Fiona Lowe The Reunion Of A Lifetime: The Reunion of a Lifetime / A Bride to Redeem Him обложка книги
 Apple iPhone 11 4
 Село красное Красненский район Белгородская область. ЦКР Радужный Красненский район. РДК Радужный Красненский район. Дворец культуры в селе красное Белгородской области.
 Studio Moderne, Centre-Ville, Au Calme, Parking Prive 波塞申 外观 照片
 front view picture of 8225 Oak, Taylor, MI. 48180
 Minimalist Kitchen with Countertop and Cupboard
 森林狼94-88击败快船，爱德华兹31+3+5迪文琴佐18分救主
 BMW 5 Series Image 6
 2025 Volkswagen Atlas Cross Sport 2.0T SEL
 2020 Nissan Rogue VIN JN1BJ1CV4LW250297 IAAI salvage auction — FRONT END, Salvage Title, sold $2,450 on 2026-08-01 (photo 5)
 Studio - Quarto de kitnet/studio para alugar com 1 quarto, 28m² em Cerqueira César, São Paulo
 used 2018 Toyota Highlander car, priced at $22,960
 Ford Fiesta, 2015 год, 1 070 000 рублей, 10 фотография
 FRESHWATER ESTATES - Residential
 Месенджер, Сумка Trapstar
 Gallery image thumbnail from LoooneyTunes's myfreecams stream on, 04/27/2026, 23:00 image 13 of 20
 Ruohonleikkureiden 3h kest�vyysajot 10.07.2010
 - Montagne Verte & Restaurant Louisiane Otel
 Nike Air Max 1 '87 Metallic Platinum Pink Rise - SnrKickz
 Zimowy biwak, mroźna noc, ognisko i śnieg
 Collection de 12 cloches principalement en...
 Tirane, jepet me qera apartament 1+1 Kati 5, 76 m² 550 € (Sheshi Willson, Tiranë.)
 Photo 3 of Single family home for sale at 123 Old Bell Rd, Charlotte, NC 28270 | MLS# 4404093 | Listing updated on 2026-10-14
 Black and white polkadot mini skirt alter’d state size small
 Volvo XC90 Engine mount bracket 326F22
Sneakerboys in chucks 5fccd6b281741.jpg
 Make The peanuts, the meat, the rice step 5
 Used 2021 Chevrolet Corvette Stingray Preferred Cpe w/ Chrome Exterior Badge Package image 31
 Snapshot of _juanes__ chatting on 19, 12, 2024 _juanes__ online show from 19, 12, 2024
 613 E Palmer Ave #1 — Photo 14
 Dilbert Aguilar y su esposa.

○ ○ ○ ○ ○

* _Required work_: "Used 2021 Chevrolet" marks the first line to print; reproduce that line and every line after it through the end of the listing above.

* _Answer for this exercise_:
 Used 2021 Chevrolet Corvette Stingray Preferred Cpe w/ Chrome Exterior Badge Package image 31
 Snapshot of _juanes__ chatting on 19, 12, 2024 _juanes__ online show from 19, 12, 2024
 613 E Palmer Ave #1 — Photo 14
 Dilbert Aguilar y su esposa.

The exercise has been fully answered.